The ECJ's decision in O'Brien and the Supreme Court's judgment in Miller clarifies the position for part-time, fee-paid judges in respect of their entitlement to pension benefits. Under O'Brien, they are entitled to pro-rated pension benefits equivalent to full-time comparators for the entire period of their appointments. Under Miller, they have a right to bring claims up to three months after their retirement date.

Will Miller impact on private sector defined benefit schemes and other public sector schemes?

The impact of the Supreme Court's judgment will be significant for the Ministry of Justice, with an estimated 1,000 judges having brought claims or relying on the moratorium. Will the judgment have any wider impact?

The Supreme Court unanimously found that the point of unequal treatment occurs at the time the pension falls to be paid. As a result, the time limit for bringing claims is three months from this date, rather than three months from the end of the period of service to which the unequal treatment relates.

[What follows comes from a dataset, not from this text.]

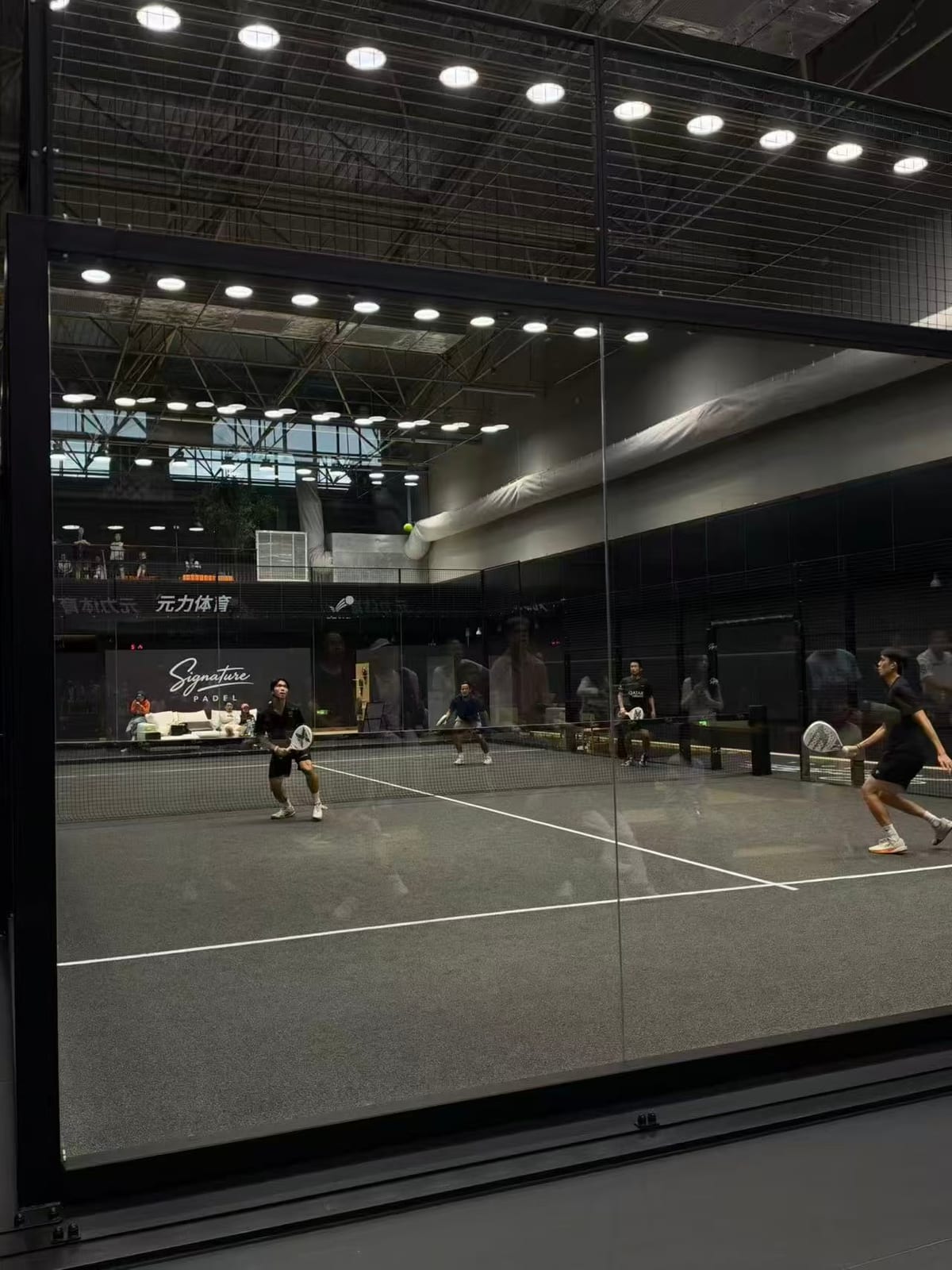 Four players mid-rally on a glass padel court at Signature Padel in Beijing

Whilst Miller focused on part-time, fee-paid judges, the logic could equally apply to any part-time worker or, to apply an even broader brush, any worker who suffers discrimination in respect of their right to pension benefits. Whilst it is not clear at this stage whether Miller can be applied so widely, it is likely that claimants and their advisers will run this argument if they are otherwise out of time to bring a claim.

Finally, it should be noted that in respect of any discrimination claims brought under the Equality Act 2010, the government has consulted on whether or not to extend the current time limit of 3 months, to 6 months. If implemented, this could give claimants with certain pension discrimination claims 6 months from the point of retirement to bring a claim.